If you are legally married, you will require a “divorce” to end your marriage and finalize the division of matrimonial assets and debts as well as issues of spousal support. Even if you have separated from your spouse for some time, you are still legally married unless you obtain a Divorce Order from the Court. Remaining legally married can have unintended legal consequences for your property and can impose a future spousal support obligation in some circumstances even if it was agreed that no support would be payable at separation.

You do not require your spouse’s consent to obtain a divorce. One party can obtain a divorce even if the other spouse does not want one. The only thing that is required to obtain a divorce is a marriage breakdown, proven by a one-year separation; that is sometimes called a no-fault divorce. A divorce can also be obtained on grounds of adultery or cruelty; however, these grounds are rarely used as they require additional proof and rarely have any impact on how the Court determines the issues.

There is no requirement that you wait one year from separation to file for divorce. A divorce based on a marriage breakdown can be started immediately after separation but cannot be completed until one year has elapsed.

Separating from your spouse is often a highly stressful and emotional time. At Singleton & Associates we assist with helping to navigate and advise people through the process.

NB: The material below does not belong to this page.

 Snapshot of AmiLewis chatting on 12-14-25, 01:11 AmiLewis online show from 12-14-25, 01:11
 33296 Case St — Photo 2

You can apply for a divorce on the following three grounds: (1) living separate and apart from your spouse for one year; (2) adultery; and (3) cruelty. In order to apply for a divorce in Nova Scotia, one party must be ordinarily resident in Nova Scotia for at least one year.

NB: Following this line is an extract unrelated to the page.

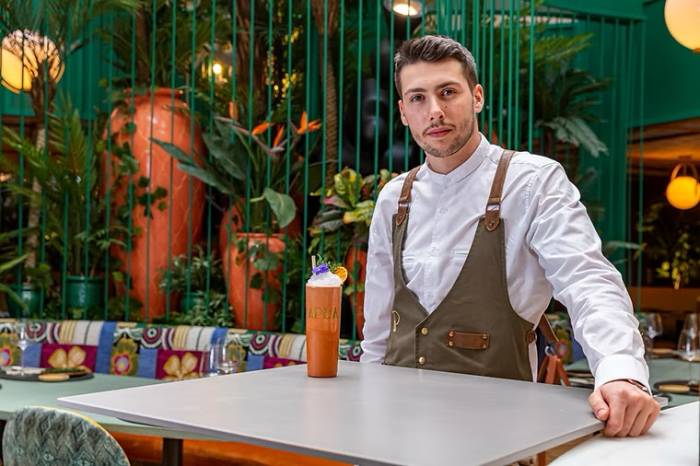 Papúa Colón reivindica la coctelería como maridaje cultural en el Día Mundial del Barman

There are lots decisions that need to be made when you separate from your spouse such as: Where will your children live? Who will make the decisions? Who will pay child support? Will anyone be required to pay spousal support? If so, how much and for how long? How will your property be divided?

There are two main types of divorce: contested and uncontested divorces. Uncontested divorces occur when both parties agree on all of the issues. A contested divorce occurs when the parties to a divorce cannot agree on one or more of the issues arising from the separation. The application is called a Petition for Divorce. The spouse who makes the application is the Petitioner and the documents must be personally served on the other spouse who is called the Respondent. The Respondent can file an Answer that provides the details of their position regarding the issues within a specified period of time.

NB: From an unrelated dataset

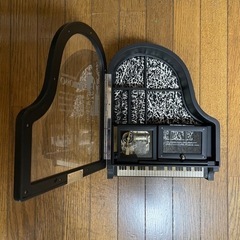 ピアノ型宝石箱　オルゴール付きの画像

If the divorce is contested there are alternatives to going to a hearing before a judge such as mediation and settlement conferences. Court can be costly and even more emotionally draining during a time that is already highly stressful and emotional.

At Singleton & Associates we have experience with assisting clients through their separation and divorce with satisfactory results. Please contact our office if you are interested in setting up a consultation.

Uncontested Divorce

An uncontested divorce can be obtained by filing an Application for Divorce by Agreement or by filing a Joint Application for Divorce.

In an uncontested divorce both spouses agree on all of the issues including property division, custody and decision making of any children of the marriage, parenting time/access, child support, s. 7 special and extraordinary expenses, and spousal support. The agreed upon issues can be set out in a separation agreement.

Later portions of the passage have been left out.